I love music! Most humans do to varying degrees. I feel the power of music in my life every day. I don’t know why it moves me. It just does.
I played the accordion (don’t snicker) beginning at age 10. I actually started teaching accordion at age 17 while I was in high school. I love to play the piano, and I’m one of the lucky people who can play without sheet music - just by hearing a melody.
Playing music relaxes me. Why is that? I also love listening to music. Like most people I like some forms of music and others not so much. I’m a huge Broadway music fan. I love choirs. I love romantic music with lots of strings. I love John Williams (I still tear up when I listen to the theme from Schindler’s List).
I like a little bit of country – too much sounds repetitive and I just tune out. I don’t understand jazz, and I hate that I’m not sophisticated enough to “get it.” Some pop music (a limited sampling) is magical. Heavy metal hurts my ears and my brain. Not into rap.
Why is the power of music almost universally felt by humans?
So why are we, as humans, almost universally pulled toward music? And, even more significantly for us aging folk, why is music important as we age? Is there a scientific basis for the powerful effects music has on our aging lives?
The answer appears to be a resounding YES. There are many scientific studies and science-based articles on this issue because the issue is so relevant to the lives of so many of us.
It’s a big deal.
In a recent article from Johns Hopkins Medicine entitled “Keep Your Brain Young With Music,” one otolaryngologist says that there are few things that stimulate the brain the way music does – “If you want to keep your brain engaged throughout the aging process, listening to or playing music is a great tool. It provides a total brain workout.”
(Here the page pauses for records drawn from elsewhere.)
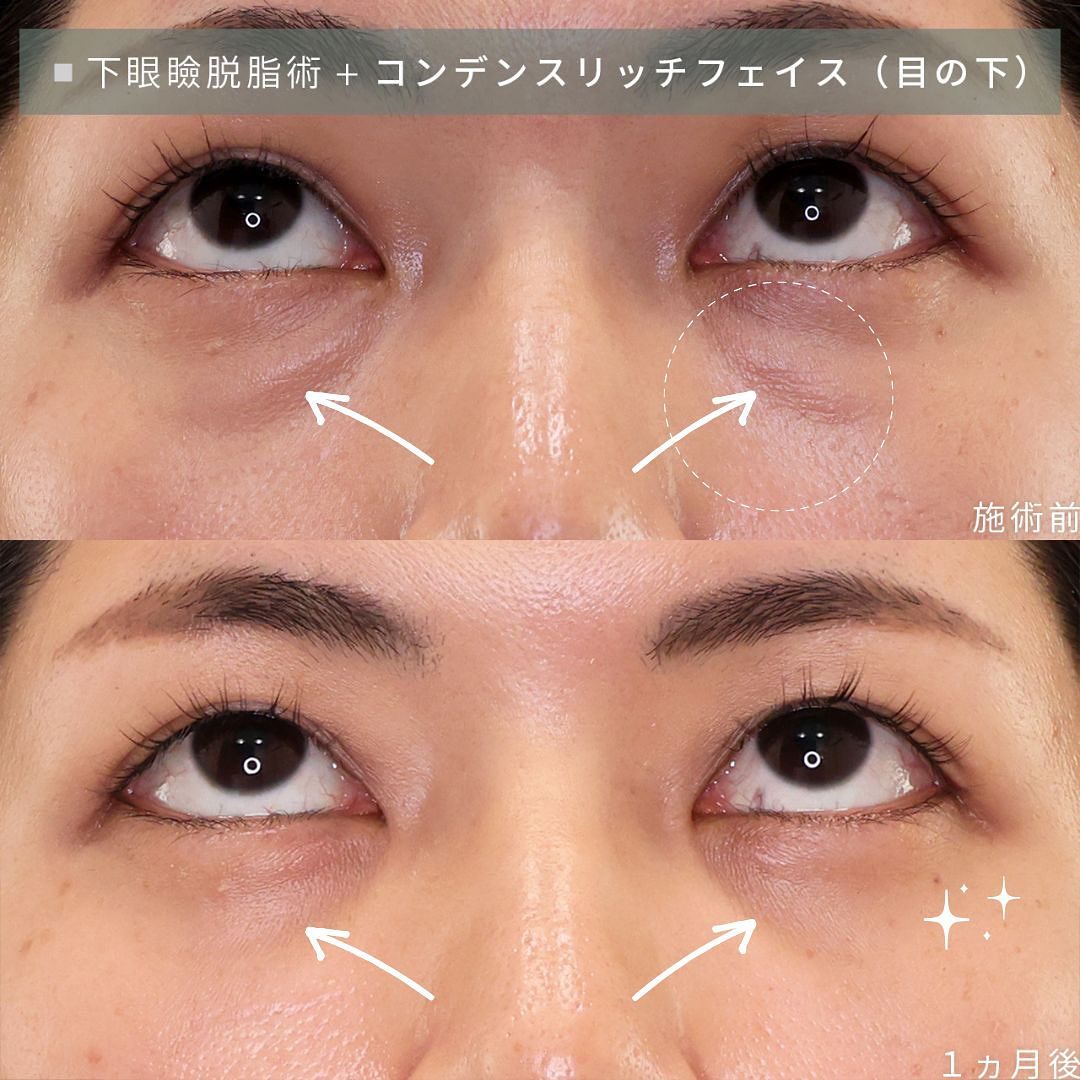 下眼瞼切開術（クマ・たるみとり）/顔の脂肪注入(コンデンスリッチフェイス)の症例写真 施術前後 
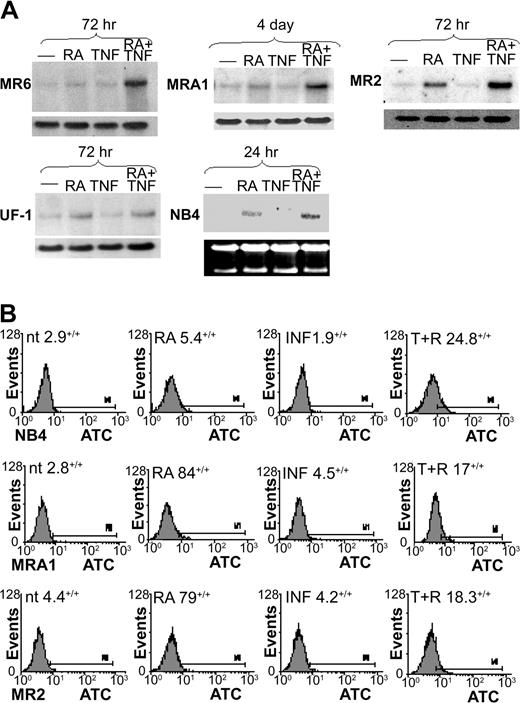 Figure 4. m-CSF-1R expression in RA-resistant APL cells. (A) Northern blotting was used to examine m-CSF-1R levels in response to RA and TNF. m-CSF-1R levels were observed to increase in response to RA in only UF-1 and MR2 cells within 72 hours of treatment. The combination of TNF and RA induced a large increase in m-CSF-1R levels in all RA-resistant cells undergoing monocytic differentiation but not in UF-1 cells. (B) FACS analysis showing heightened cell surface expression of m-CSF-1R in response to 3-day treatments with TNF and RA. Percentages indicate positive staining.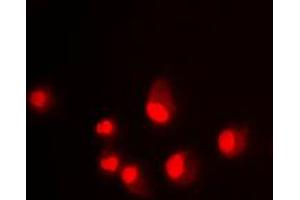 Immunofluorescent analysis of MDM2 staining in Jurkat cells. (MDM2 antibody  (C-Term))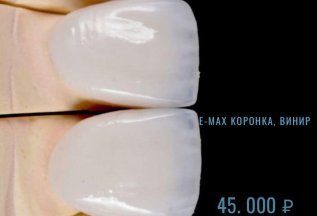 E - Max коронка, винир за 33800 ₽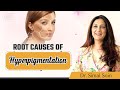 Root causes of hyperpigmentation  best hyperpigmentation solutions  aayna clinic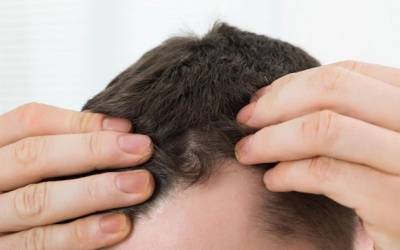 Infographic: Các cách khắc phục tình trạng tóc mỏng và thưa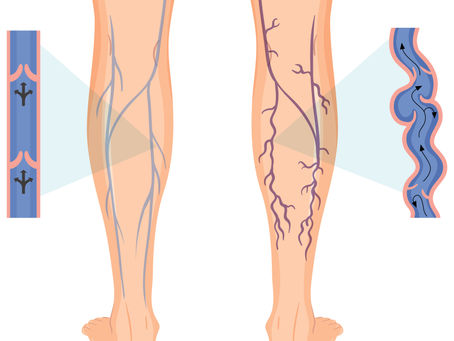 6 Unknown Dangers of Varicose Veins if Left Untreated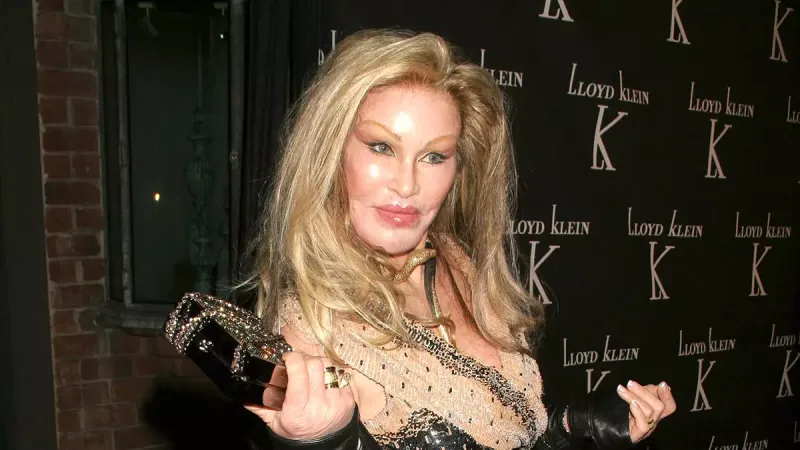 Plastik əməliyyatlar etdirdiyini boynuna almadı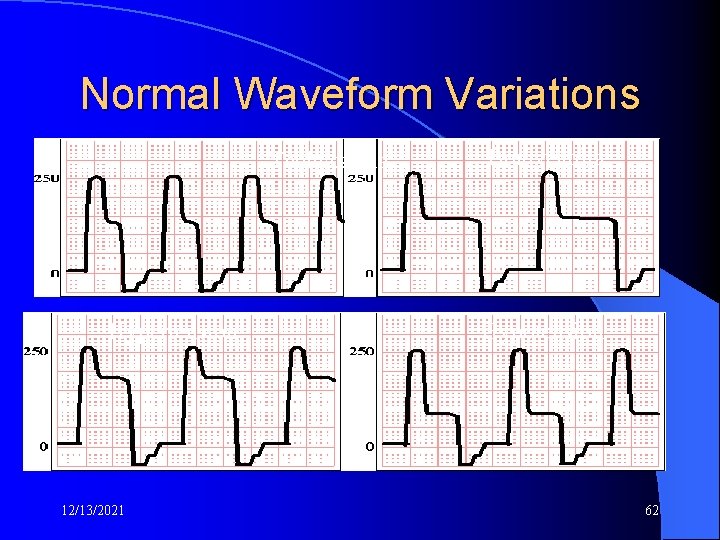 Normal Waveform Variations Tachycardia Hypertension 12/13/2021 Bradycardia Hypotension 62 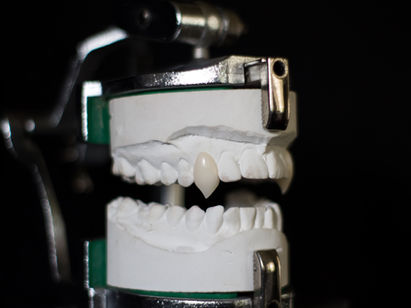How to Get Vampire Teeth to Stay On!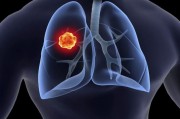 小细胞肺癌SCLC治疗有哪些？如何治疗？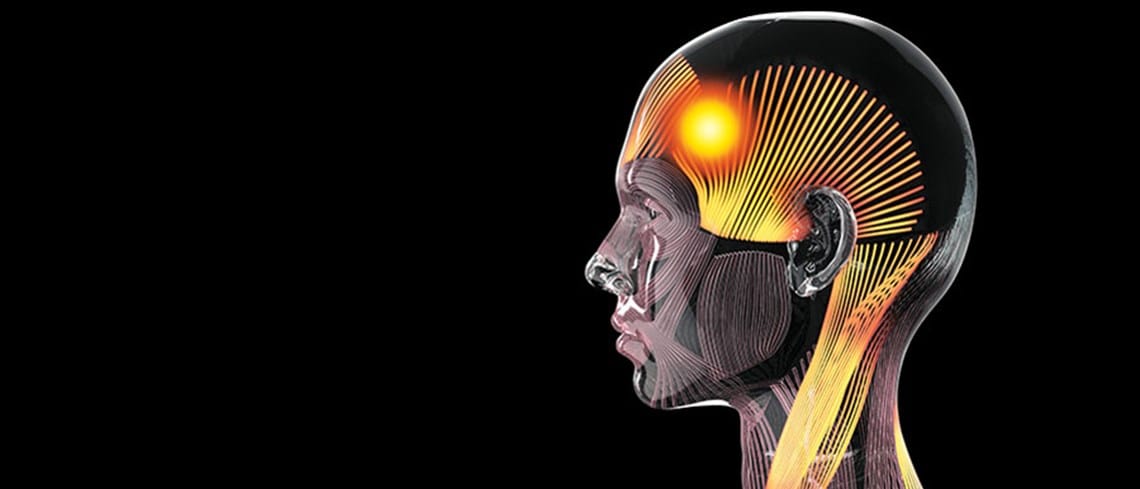 The most common headache doesn’t start in your head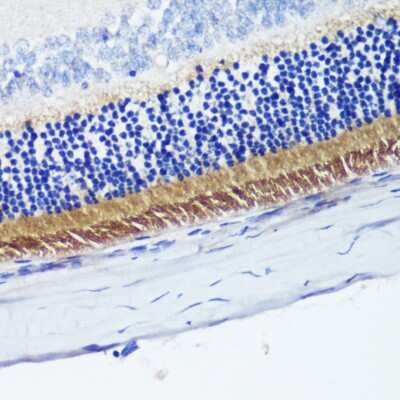Immunohistochemistry-Paraffin: PDE6 beta Antibody - BSA Free [NBP2-95225]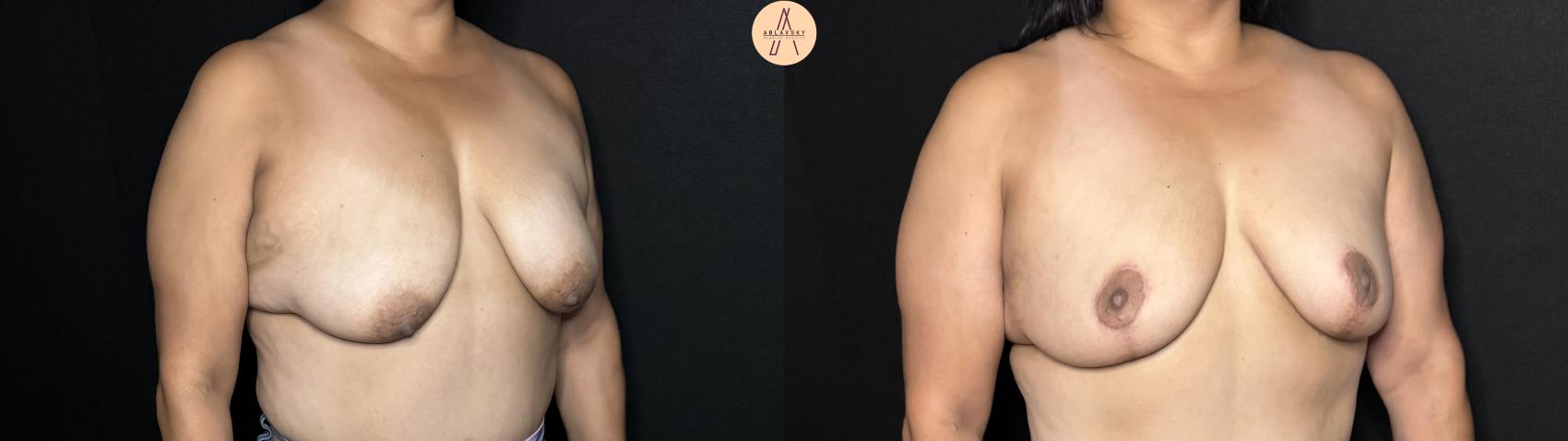 Before & After Breast Lift Case 317 Right Oblique View in San Antonio, Texas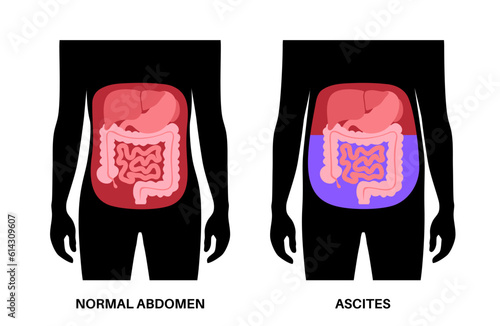Ascites disease poster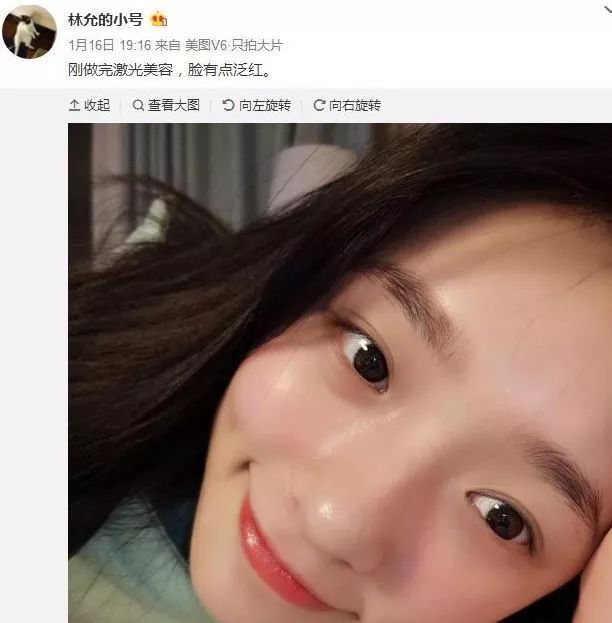 虞书欣澄清自己没有医美,虞书欣做什么医美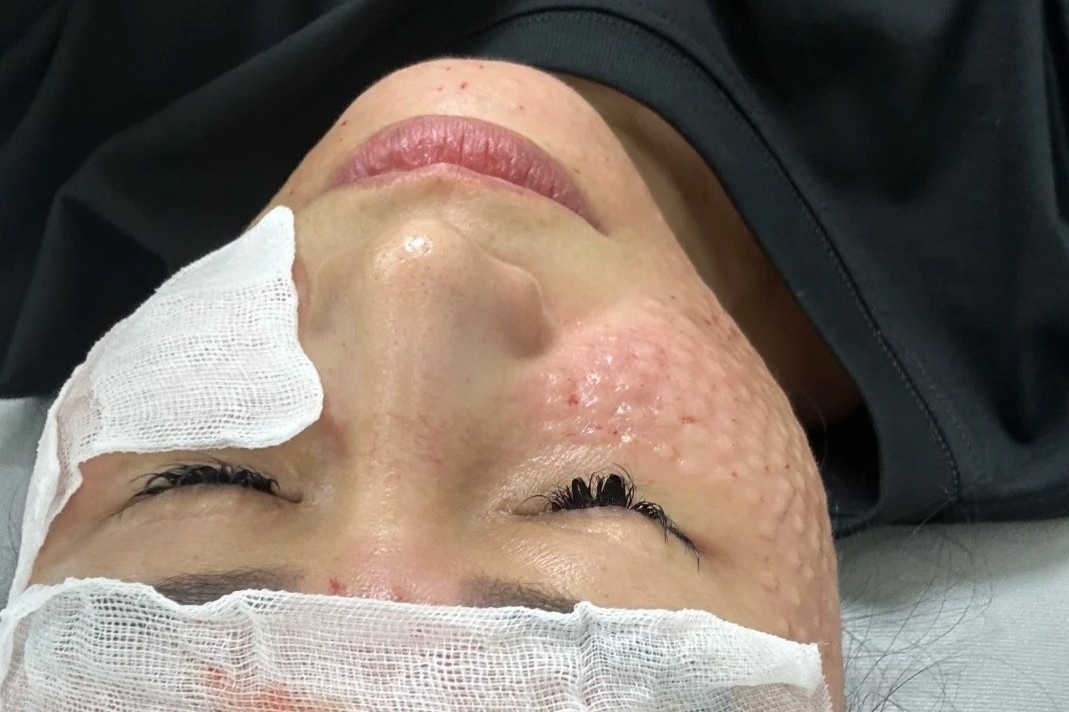 Bay hon 11.000 km sang Han Quoc de 'dam kim lien tiep' vao mat hinh anh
Researchers have found that listening to music can reduce anxiety, blood pressure and pain, as well as improve sleep quality, mood, mental alertness and memory.
Studies at Johns Hopkins where musicians improvised music while inside an MRI concluded that the amount of computing a brain must do playing or listening to music is substantial. Music is mathematical. It has structure. It’s architectural. The brain is challenged to perceive relationships between notes to understand them. There’s a lot of brainpower stimulated by music. It truly is a total brain workout.
The power of music as we age...
In a study where older adults took piano lessons, their attention, memory and problem-solving abilities showed improvement. In addition, they saw improvements in their moods and their quality of life. And you don’t have to become a pro. Just taking a few lessons made a big difference. The incredible power of music as we age has been documented over and over again.
Multiple studies confirm that music can stimulate feelings of well-being as we age by evoking strong memories and emotions… improving aging adults’ cognitive processing speed. Music rocks!
Researchers also found that challenging yourself to listen to forms of music beyond what you like, or are familiar with, stimulates the brain to struggle to understand the music. I guess I have to try harder listening to jazz, country and rap. I never thought of it as brain exercise, but I guess it’s actually good for me. Who knew?!
In her book “The Power Of Music: Pioneering Discoveries In The New Science Of Song,” author Elena Mannes writes about a broad host of studies about the substantial effects music can have on the brain… about the profound relationship that humans have with music over a life span… about the remarkable fact that music stimulates more parts of the brain than any other human function. Just some of the findings that she chronicles in the book include:
• Music has the potential to help people with neurological deficits – like stimulating verbal function in a stroke patient.
• Melodic intonation therapy uses music to stimulate portions of the brain to take over for those that are damaged, enabling patients to regain the ability to speak.
• Because music associates with memories, music can be helpful in treating Alzheimer's patients.
… and there are many more.
Bottom line – music is a treasure for humanity, and a therapeutic medicine for those of us who are age-challenged. Living an ageless life is enhanced by the power of music, in all its forms, to stimulate, challenge, soothe and entertain our aging brain.
Embrace music. It is truly a treasure… a gift. Music is an engaging, stimulating companion in our journey to an ever-ageless, ever-aspiring life.